Re: Proposal: Searching XML from Alan Kent on 2002-04-22 (www-zig@w3.org from April 2002)

From: Alan Kent <ajk@mds.rmit.edu.au>
Date: Mon, 22 Apr 2002 11:42:54 +1000
To: Liam Quin <liam@w3.org>, www-zig@w3.org
Message-ID: <20020422114253.H23301@io.mds.rmit.edu.au>
On Sat, Apr 20, 2002 at 11:27:15PM +0100, Robert Sanderson wrote:
> Yep.  We'd implement it for sure.  On the other hand, the practical 
> advantages of it aren't as high as you might expect. Unless you know what 
> the data is like, you can't really send a sensible XPATH search. 
> If without prior knowledge of the database, you can't send a useful XPATH 
> search, then you might as well just configure enumerated access points.
> (Which is what we do now, mapped to XPATH (almost) in the configfile)

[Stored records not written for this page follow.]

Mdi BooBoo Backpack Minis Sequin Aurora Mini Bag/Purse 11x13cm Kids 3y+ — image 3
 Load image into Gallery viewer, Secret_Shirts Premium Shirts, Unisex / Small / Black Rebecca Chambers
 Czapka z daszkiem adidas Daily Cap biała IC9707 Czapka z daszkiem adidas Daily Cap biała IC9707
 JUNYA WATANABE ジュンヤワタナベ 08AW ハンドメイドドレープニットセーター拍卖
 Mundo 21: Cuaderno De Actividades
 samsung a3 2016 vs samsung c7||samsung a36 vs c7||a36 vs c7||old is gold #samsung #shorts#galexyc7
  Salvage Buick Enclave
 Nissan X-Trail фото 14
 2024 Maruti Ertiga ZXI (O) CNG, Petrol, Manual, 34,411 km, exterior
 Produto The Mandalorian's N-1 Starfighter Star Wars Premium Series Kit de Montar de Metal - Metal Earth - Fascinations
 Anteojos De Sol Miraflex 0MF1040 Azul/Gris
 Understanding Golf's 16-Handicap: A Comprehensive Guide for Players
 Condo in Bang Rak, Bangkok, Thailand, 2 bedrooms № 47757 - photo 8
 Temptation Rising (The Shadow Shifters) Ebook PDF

We have thought about how to include XPATH queries a number of times.
Here is our thoughts on it (which overlaps with what other people have
posted).

We actually allow more than one lump of XML in a single record
(You can have multiple GRS-1 fields in one record holding XML).
So one approach proposed internally was to allow *within* an
attribute, an XPATH expression to be specified. That is, have
a special query term format (EXTERNAL is in there after all as
a query term) that searched an XPATH expression within a single
attribute. That way separate attributes can be bound to the separate
XML fields.

But I agree with the problems raised by others. XPATH has a quite
different model to querying than Z39.50. You can do joins. You can
specify the top node for a query which is different from the root
node of the parse tree (so one document may be split into lots
of little fragments). One work around was to say 'XPATH is only
used to determine if the record matches'. This kept it within
the Z39.50 model.

But the real problem we had was a conceptual one. As others have
said also, Z39.50 abstracts the query model from the physical
representation. To me this is fundamental to the protocol.
Its the differentiating factor. As soon as you tie queries to
the physical data format, its a big step away from this abstraction
model.

But there is a way to maintain the current model. This is for there
to be an abstract XML structure that is defined as a part of the
abstract record structure. This XML structure does not have to be
the same as the physical representation of the data. (In practical
terms, you can think of an XSLT stylesheet converting the underlying
physical representation to the publically agreed to logical
representation for querying on.) Queries are expressed on the logical
XML structure. If it matches, the underlying record is returned.
This keeps the current Z39.50 separation intact.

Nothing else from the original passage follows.